One day you will recognize that there are different mic types for different purpose and different audio interfaces for different purpose...
I use my Logitech webcam with mic every day and I periodically use my Sound Blaster. But that is a music forum
No offense, I am noob in recording. It took me a while to understand why musicians overcomplicate the life with quite expensive devices, for which drivers are nightmare while the number of channels is only 2 (!?) and they do not have DSP (my ISA Sound Blaster had one!). There are several objective reasons they exist.
The same (may be even more) with mics.
Note that the price is not major point. To record audio (instruments, vocal) it is possible to get an entry level audio interface with entry level mic under $100. But that is not Sound Blaster.
Just several hints:
* a studio mic should pickup even tiny noise, that is an intention; stage mic should (and will) not.
* there is a good reason why pop filter is not "build-in" (you do not think that during manufacturing $500 mics they have "forgotten" it or have decided to save a bit on that part, right?)

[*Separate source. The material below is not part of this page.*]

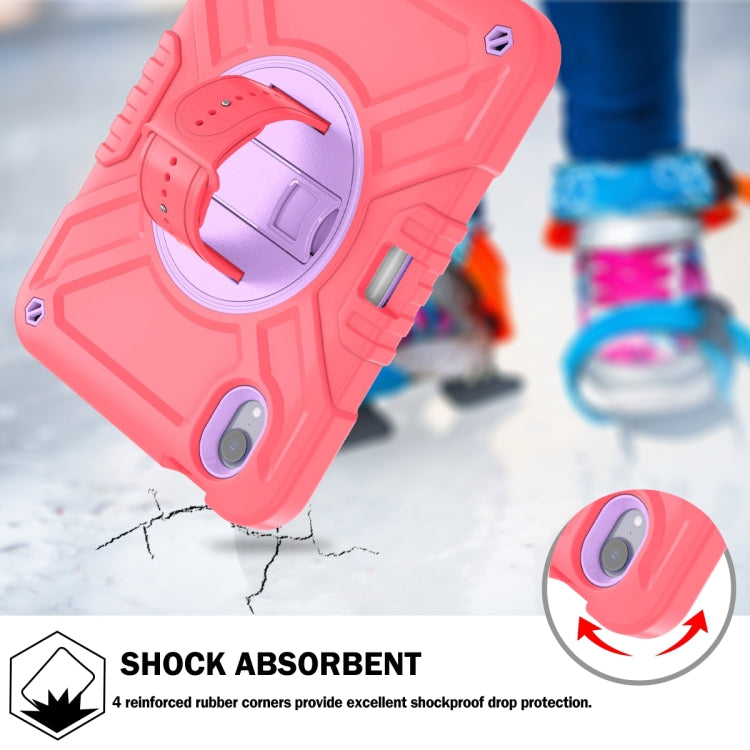 For iPad mini 6 / mini 2024 X Rotation PC Hybrid Silicone Tablet Case with Strap(Red Purple) - iPad mini 6 Cases by buy2fix | Online Shopping UK | buy2fix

* audio interfaces for music are primary concentrated on pre-amplifiers, "heavy" headphones outputs, not destroying signal during routing and (at least relatively) low latency. I know SB claims very low latency, the problem whenever someone ask to measure it using standard loop back test, there are no replies. With headphones it can be sufficient. With the noise level I can imagine newer models are significantly better the older. But there is no (normal) pre-amps. I mean sound recording technically is different in that case.